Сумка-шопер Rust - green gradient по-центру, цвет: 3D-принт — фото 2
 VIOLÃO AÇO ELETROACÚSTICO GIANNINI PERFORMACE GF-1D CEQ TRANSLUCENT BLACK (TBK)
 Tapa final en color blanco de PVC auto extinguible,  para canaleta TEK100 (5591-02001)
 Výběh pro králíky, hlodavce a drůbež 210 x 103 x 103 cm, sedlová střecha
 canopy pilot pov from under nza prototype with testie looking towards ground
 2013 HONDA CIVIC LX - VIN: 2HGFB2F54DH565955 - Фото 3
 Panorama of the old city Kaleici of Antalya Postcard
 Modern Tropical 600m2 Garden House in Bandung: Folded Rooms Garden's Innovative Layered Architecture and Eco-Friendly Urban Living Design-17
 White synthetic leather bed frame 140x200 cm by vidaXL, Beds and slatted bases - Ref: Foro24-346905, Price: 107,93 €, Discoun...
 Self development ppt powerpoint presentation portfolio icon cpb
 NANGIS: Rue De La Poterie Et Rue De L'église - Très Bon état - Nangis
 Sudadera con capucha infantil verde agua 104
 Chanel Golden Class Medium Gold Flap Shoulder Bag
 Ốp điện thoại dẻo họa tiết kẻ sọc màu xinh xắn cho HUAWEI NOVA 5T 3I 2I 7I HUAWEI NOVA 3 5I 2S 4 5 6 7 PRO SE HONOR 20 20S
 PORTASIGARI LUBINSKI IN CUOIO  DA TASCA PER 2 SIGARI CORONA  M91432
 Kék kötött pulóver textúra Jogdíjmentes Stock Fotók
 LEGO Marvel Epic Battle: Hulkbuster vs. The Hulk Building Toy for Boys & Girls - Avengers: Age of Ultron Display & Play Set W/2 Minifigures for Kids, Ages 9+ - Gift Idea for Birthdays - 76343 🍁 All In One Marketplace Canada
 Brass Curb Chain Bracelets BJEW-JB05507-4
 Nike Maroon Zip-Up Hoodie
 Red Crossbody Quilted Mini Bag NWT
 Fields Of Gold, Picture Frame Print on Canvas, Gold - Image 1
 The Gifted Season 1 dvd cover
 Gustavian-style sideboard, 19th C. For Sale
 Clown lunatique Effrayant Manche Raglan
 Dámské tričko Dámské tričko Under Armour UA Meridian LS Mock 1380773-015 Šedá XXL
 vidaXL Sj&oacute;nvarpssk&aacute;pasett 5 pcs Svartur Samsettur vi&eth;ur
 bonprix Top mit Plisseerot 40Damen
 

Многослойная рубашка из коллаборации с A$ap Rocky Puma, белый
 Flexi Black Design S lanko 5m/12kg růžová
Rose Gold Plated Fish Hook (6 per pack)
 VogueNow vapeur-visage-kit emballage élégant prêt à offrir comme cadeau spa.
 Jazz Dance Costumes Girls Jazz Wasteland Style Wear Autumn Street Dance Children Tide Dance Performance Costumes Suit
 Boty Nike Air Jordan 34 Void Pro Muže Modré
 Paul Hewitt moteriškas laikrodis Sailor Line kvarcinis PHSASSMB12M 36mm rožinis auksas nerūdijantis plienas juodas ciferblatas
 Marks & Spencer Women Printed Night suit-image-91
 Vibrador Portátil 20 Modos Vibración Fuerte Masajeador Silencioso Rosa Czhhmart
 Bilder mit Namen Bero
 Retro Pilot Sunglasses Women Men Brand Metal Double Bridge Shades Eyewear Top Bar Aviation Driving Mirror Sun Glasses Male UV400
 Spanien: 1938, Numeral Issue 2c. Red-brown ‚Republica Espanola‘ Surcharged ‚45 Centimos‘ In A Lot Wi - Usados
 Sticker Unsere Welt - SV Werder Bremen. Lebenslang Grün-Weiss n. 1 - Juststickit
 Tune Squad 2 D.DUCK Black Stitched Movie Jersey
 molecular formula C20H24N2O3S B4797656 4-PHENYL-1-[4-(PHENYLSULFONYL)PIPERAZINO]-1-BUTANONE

##############################

§ **What to do**:
Each line from the one containing "Retro Pilot Sunglasses" to the final line of the entries above must be returned exactly, and no other line may appear.

§ **Response**:
 Retro Pilot Sunglasses Women Men Brand Metal Double Bridge Shades Eyewear Top Bar Aviation Driving Mirror Sun Glasses Male UV400
 Spanien: 1938, Numeral Issue 2c. Red-brown ‚Republica Espanola‘ Surcharged ‚45 Centimos‘ In A Lot Wi - Usados
 Sticker Unsere Welt - SV Werder Bremen. Lebenslang Grün-Weiss n. 1 - Juststickit
 Tune Squad 2 D.DUCK Black Stitched Movie Jersey
 molecular formula C20H24N2O3S B4797656 4-PHENYL-1-[4-(PHENYLSULFONYL)PIPERAZINO]-1-BUTANONE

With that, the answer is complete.